Prompt
Your task is to write out every line of the data exactly. Drop the pictures.

Record excerpts
-------------------------
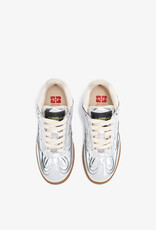 Ganni '08 Specchio Sneaker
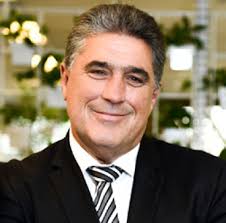 The Must-Attend Summit for All Insurance Brokers Returns LIVE!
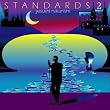 STANDARDS2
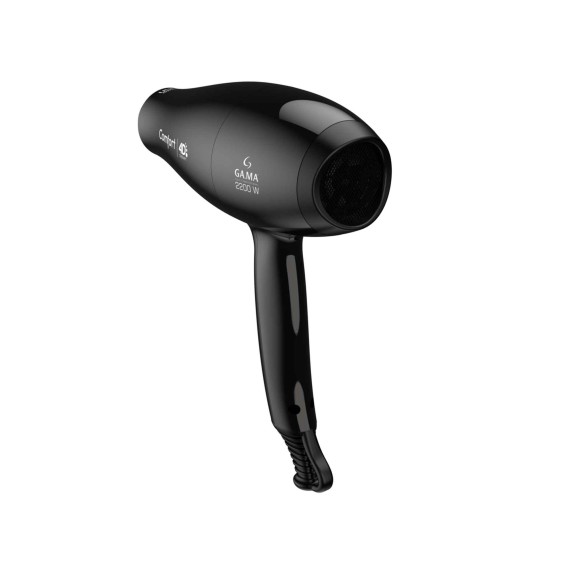 Hair dryer GA.MA COMFORT 4D (GH0532)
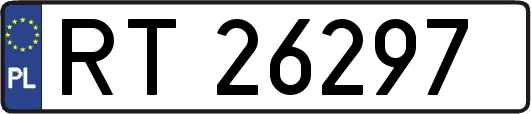 RT26297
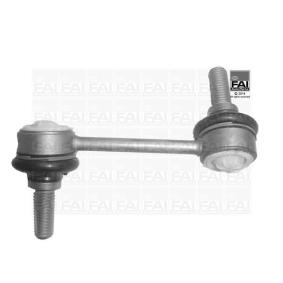 Koppelstange für ALFA ROMEO von FAI AutoParts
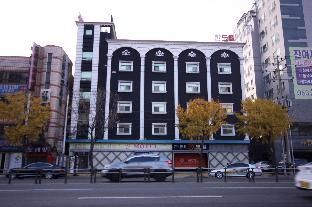 صورة الفندق 10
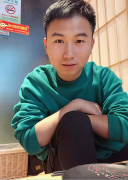 李姚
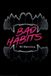 Pyramid Ed Sheeran Bad Habits - Maxi Poster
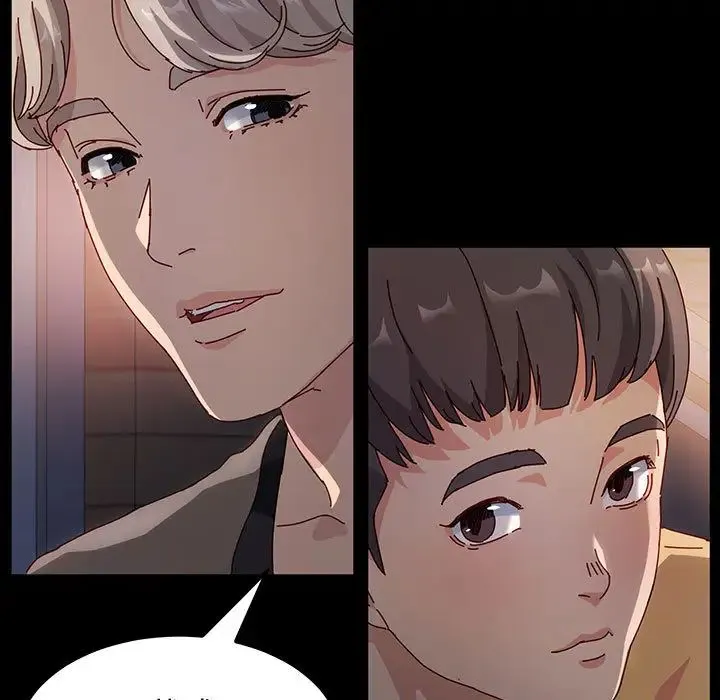 鲁蛇模特儿 第1话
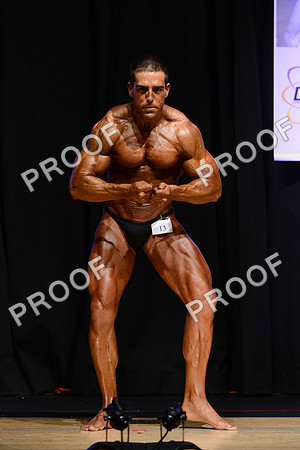 041313_Frank_G-28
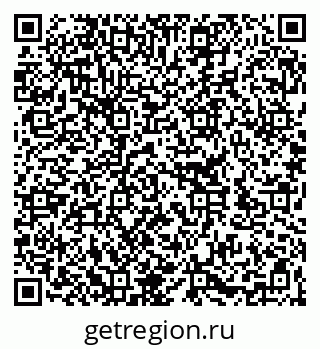 79262327541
-------------------------
Answer area
 Ganni '08 Specchio Sneaker
 The Must-Attend Summit for All Insurance Brokers Returns LIVE!
 STANDARDS2
 Hair dryer GA.MA COMFORT 4D (GH0532)
 RT26297
 Koppelstange für ALFA ROMEO von FAI AutoParts
 صورة الفندق 10
 李姚
 Pyramid Ed Sheeran Bad Habits - Maxi Poster
 鲁蛇模特儿 第1话
 041313_Frank_G-28
 79262327541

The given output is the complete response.